Tribunal for Christmas? Expert reveals TOP FOUR employment law hotspots that could land companies in a court before year is out
With businesses across the UK bearing the financial brunt of the end of furlough and bosses adjusting to a new normal that includes hybrid and flexible working arrangements and managing employees with Long Covid, being an employer has never been more legally complex than it is right now.
With the official Tribunal Statistics Quarterly report citing ‘unfair dismissal’ as the most common jurisdictional Employment Tribunal complaint disposed of between January to March 2021, Charlotte Geesin, head of employment law at Employment Law and HR consultancy, Howarths, reveals the top four employment law hotspots businesses and bosses should be aware of to avoid ending up in an Employment Tribunal before Christmas.
Charlotte says: “2021 has almost been as unpredictable as 2020. What we thought we knew last year has changed beyond all recognition, just 12 months on.
“It would’ve been difficult for anyone to have predicted some of the shifts to the way we work that have taken in recent months, as the entire labour market of workers and bosses alike continue to get used to different ways of working and face new operational, financial and personal pressures.
“The Employment Tribunal system is working through a backlog, and furlough has distorted reality for many businesses and their employees. But now, as we’re all forced to work with and embrace the change, we are on the precipice of a potential Employment Tribunal overload as the new normal creates the perfect storm for employment litigation from employees to return with a vengeance – and employers need to be prepared.”
There have been several shifts over the last 12 months which mean that we are now potentially on the precipice of an Employment Tribunal overload and whilst there are many options for employees who wish to lodge a complaint with an Employment Tribunal, businesses should pay particular attention to the following.
Here are the top five employment law hotspots employers should be aware of right now to avoid being sued:
Making redundancy dismissals following furlough
Charlotte explains: “Up to a million workers have been on furlough for the entire duration of the Coronavirus Job Retention Scheme. The CJRS ended on 31 September, but business is yet to return to normal for many sectors, especially those that continue to be hindered by government guidelines and restrictions. Businesses which have returned to normal have done so without the services of furloughed employees, which leads to a question being asked about the need for certain staffing structures.
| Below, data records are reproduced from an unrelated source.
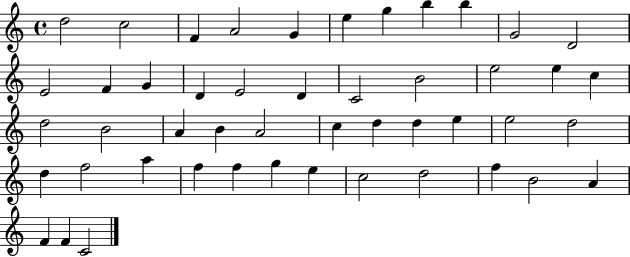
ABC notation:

X:1
T:Untitled
M:4/4
L:1/4
K:C
d2 c2 F A2 G e g b b G2 D2 E2 F G D E2 D C2 B2 e2 e c d2 B2 A B A2 c d d e e2 d2 d f2 a f f g e c2 d2 f B2 A F F C2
“If you believe you have a need to make redundancies now furlough has ended, you need to address this very carefully. Not only are there strict legal consultation obligations you must meet, but you are also obliged to consider possible alternatives, including reduced hours, lay-off, or reduced pay – before terminating employment.
“Fail to follow proper process or establish a genuine need for redundancies, and you run the very real risk of an employee, with nothing to lose, bringing claims against you including unfair dismissal and unlawful discrimination.”
Failing to pay proper holiday pay to employees who have been on furlough
Charlotte explains: “Holiday entitlement calculations can be tricky at the best of times, and the rules on the accrual of holiday pay during furlough have not always been straightforward. Employees who have not taken any holiday during furlough are entitled to have it rolled over, in addition to ongoing accruable leave, for two years. Contractual provisions on holiday pay also need considering, and bank holidays do not always class as a distinguishable type of leave.
“If you get the calculations wrong, refuse to allow the roll—over, or unlawfully force an employee to take holiday, you risk being sued in the Tribunal.”
Providing an unreasonable response to a flexible working request
Charlotte explains: “An employee has a right to make a flexible working request subject to meeting certain eligibility requirements, and the law around this has not changed. What has changed is the understanding around home working which we know, for the most part, can and does work.
“Many businesses have implemented a home working or hybrid working policy, but some have not. Instead, they are asking employees to make a flexible working request if they want to adjust their normal location of work. This is fine, but employers will now have to demonstrate an increasingly robust business case for refusing any such request given to them, including not only the fact that they may have been able to accommodate it during the peak of the pandemic, but also the reasons for the request in the first place.
“What’s more, any flexible working request that is made based on a protected characteristic of an employee or to accommodate needs including caring responsibilities, needs additional consideration.
“If a business fails to properly apply its mind to a flexible working request or refuse to even offer a flexible working trial, it could end up on the wrong side of a Tribunal claim.”
Dismissing employees with Long Covid
Charlotte explains: “Long Covid is very likely to be classed as a disability in some cases. Employees with Long Covid will therefore have the right for certain reasonable adjustments to be considered, before any decisions are made about termination of their employment on grounds of health.
“Failing to properly take into account your obligations under the Equality Act 2010 when dealing with employees with Long Covid risks both unfair dismissal and unlawful discrimination claims being brought against you.”